TASK INSTRUCTIONS -
Find the line below with "Rotulador staedtler noris" and the line with "(Silver, 20PCS) Thickened". Output exactly those lines and everything between them, leaving out the pictures.

RECORDS FOR PROCESSING -
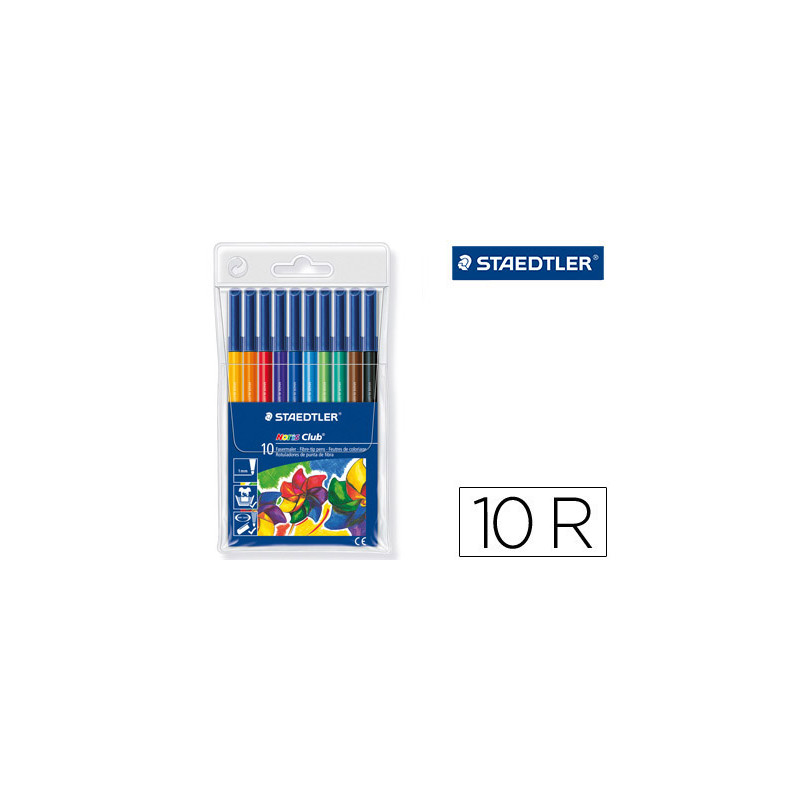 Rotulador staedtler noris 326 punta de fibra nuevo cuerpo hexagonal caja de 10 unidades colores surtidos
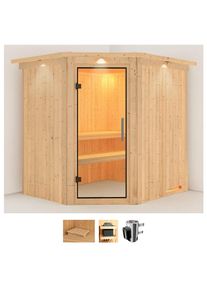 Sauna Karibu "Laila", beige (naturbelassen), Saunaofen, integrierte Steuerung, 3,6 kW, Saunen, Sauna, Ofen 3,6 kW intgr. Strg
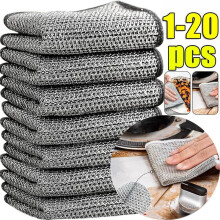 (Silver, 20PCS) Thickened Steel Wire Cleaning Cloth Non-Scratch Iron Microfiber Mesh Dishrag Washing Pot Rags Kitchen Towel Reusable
...
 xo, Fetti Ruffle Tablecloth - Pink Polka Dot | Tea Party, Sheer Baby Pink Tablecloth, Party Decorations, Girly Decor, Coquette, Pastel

ANSWER SPACE -
 Rotulador staedtler noris 326 punta de fibra nuevo cuerpo hexagonal caja de 10 unidades colores surtidos
 Sauna Karibu "Laila", beige (naturbelassen), Saunaofen, integrierte Steuerung, 3,6 kW, Saunen, Sauna, Ofen 3,6 kW intgr. Strg
 (Silver, 20PCS) Thickened Steel Wire Cleaning Cloth Non-Scratch Iron Microfiber Mesh Dishrag Washing Pot Rags Kitchen Towel Reusable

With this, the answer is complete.